### Your objective
From the line below that contains "Taza de agua" to the line that contains "فيديو: 50 رجلاً", repeat every line exactly, both ends included, and nothing else.

### Provided data
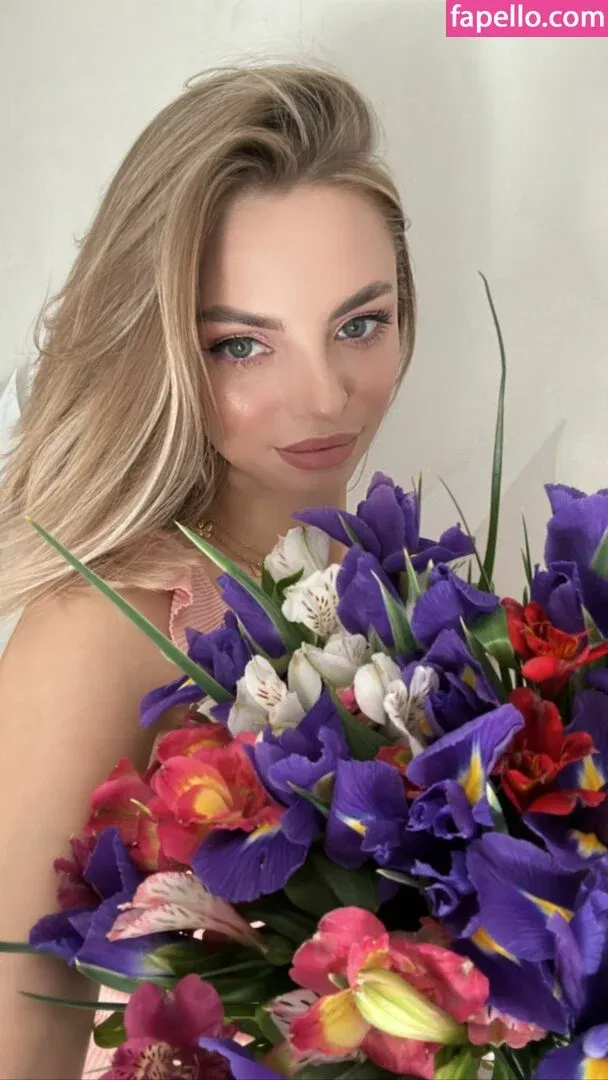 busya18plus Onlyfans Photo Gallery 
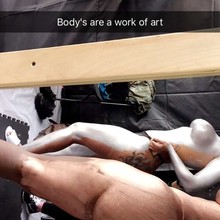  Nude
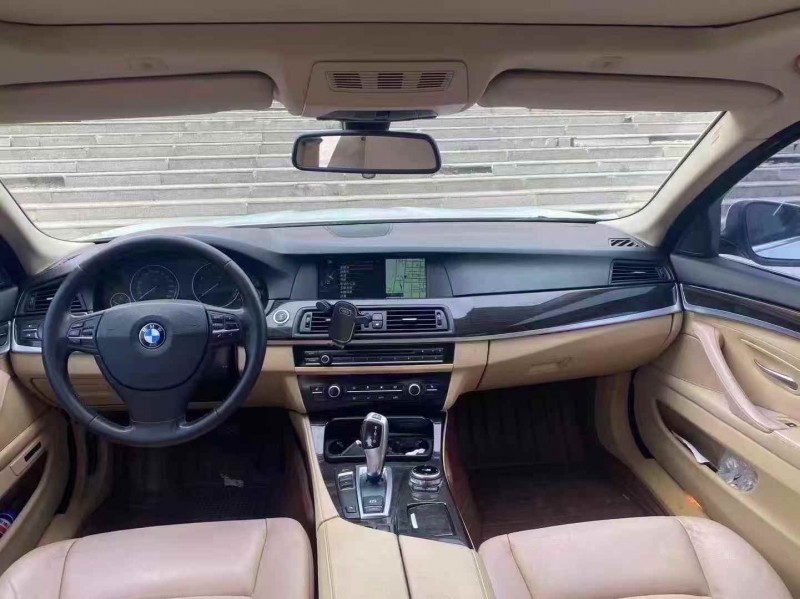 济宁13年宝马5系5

---

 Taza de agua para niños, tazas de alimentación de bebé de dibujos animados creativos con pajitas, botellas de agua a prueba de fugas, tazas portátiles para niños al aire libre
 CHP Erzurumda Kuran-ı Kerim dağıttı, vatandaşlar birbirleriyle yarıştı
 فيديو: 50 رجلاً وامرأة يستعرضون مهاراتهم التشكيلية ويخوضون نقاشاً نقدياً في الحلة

### Answer to this exercise
 Taza de agua para niños, tazas de alimentación de bebé de dibujos animados creativos con pajitas, botellas de agua a prueba de fugas, tazas portátiles para niños al aire libre
 CHP Erzurumda Kuran-ı Kerim dağıttı, vatandaşlar birbirleriyle yarıştı
 فيديو: 50 رجلاً وامرأة يستعرضون مهاراتهم التشكيلية ويخوضون نقاشاً نقدياً في الحلة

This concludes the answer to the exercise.